The following invocation of the %MktBIBD macro requests the same design but specifies a different pseudorandom number seed:


%mktbibd(b=14, v=7, k=4, options=serial, seed=104)

Figure 9 displays the results.

Figure 9: BIBD with Directional Row-Neighbor Balance

Block Design D-Efficiency Criterion 100.0000
Treatment D-Efficiency Criterion 87.5000
Number of Treatments, v 7
Block Size, k 4
Number of Blocks, b 14
Treatment Frequency, r 8
Pairwise Frequency, lambda 4
Total Sample Size 56
Positional Frequencies Optimized? No
Row-Neighbor Frequencies Optimized? No
Iterations 0

Treatment by Treatment Frequencies

  1 2 3 4 5 6 7
1 8 4 4 4 4 4 4
2 . 8 4 4 4 4 4
3 . . 8 4 4 4 4
4 . . . 8 4 4 4
5 . . . . 8 4 4
6 . . . . . 8 4
7 . . . . . . 8

Treatment by Position Frequencies

  1 2 3 4
1 2 2 2 2
2 2 3 1 2
3 2 2 2 2
4 2 2 3 1
5 2 2 2 2
6 2 1 2 3
7 2 2 2 2

Row-Neighbor Frequencies

  1 2 3 4 5 6 7
1 . 1 1 1 1 1 1
2 1 . 1 1 1 1 1
3 1 1 . 1 1 1 1
4 1 1 2 . 1 1 1
5 1 1 1 1 . 1 1
6 1 1 0 1 1 . 1
7 1 1 1 1 1 1 .

Balanced Incomplete Block Design

x1 x2 x3 x4
6 1 4 3
4 3 2 5
7 1 5 3
4 5 6 7
6 4 7 5
3 5 4 2
7 2 3 6
1 2 7 4
2 6 5 1
5 2 1 6
5 7 3 1
1 3 4 6
3 7 6 2
2 4 1 7


The following requests a design for which it is not possible to have constant frequencies in the row-neighbor frequencies matrix:


%mktbibd(b=7, v=7, k=4, options=serial, seed=104)

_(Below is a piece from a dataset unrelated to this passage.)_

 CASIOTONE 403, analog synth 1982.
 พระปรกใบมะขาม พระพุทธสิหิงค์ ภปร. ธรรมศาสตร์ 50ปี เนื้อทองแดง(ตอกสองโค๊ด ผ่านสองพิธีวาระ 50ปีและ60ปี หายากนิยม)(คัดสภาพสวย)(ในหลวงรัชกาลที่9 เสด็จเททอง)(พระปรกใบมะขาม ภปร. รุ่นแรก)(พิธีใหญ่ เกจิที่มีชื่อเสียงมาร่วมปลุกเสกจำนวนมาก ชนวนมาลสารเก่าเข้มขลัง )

Figure 10 displays the results.

Figure 10: BIBD with Unachievable Directional Row-Neighbor Balance

Block Design D-Efficiency Criterion 100.0000
Treatment D-Efficiency Criterion 87.5000
Number of Treatments, v 7
Block Size, k 4
Number of Blocks, b 7
Treatment Frequency, r 4
Pairwise Frequency, lambda 2
Total Sample Size 28
Positional Frequencies Optimized? Yes
Row-Neighbor Frequencies Optimized? Yes
Iterations 0

Treatment by Treatment Frequencies

  1 2 3 4 5 6 7
1 4 2 2 2 2 2 2
2 . 4 2 2 2 2 2
3 . . 4 2 2 2 2
4 . . . 4 2 2 2
5 . . . . 4 2 2
6 . . . . . 4 2
7 . . . . . . 4

Treatment by Position Frequencies

  1 2 3 4
1 1 1 1 1
2 1 1 1 1
3 1 1 1 1
4 1 1 1 1
5 1 1 1 1
6 1 1 1 1
7 1 1 1 1

Row-Neighbor Frequencies

  1 2 3 4 5 6 7
1 . 0 1 0 0 1 1
2 0 . 1 1 0 1 0
3 0 1 . 1 0 0 1
4 1 0 0 . 1 0 1
5 1 1 0 1 . 0 0
6 1 1 0 0 1 . 0
7 0 0 1 0 1 1 .

Balanced Incomplete Block Design

x1 x2 x3 x4
6 1 3 7
3 2 6 5
5 4 7 3
4 5 1 6
2 3 4 1
1 7 5 2
7 6 2 4


The %MktBIBD macro reports that the row-neighbor frequencies are optimized because a mix of zeros and ones with no twos or larger values is optimal for this specification. However, the nonconstant frequencies indicate that row-neighbor balance is not possible for this BIBD.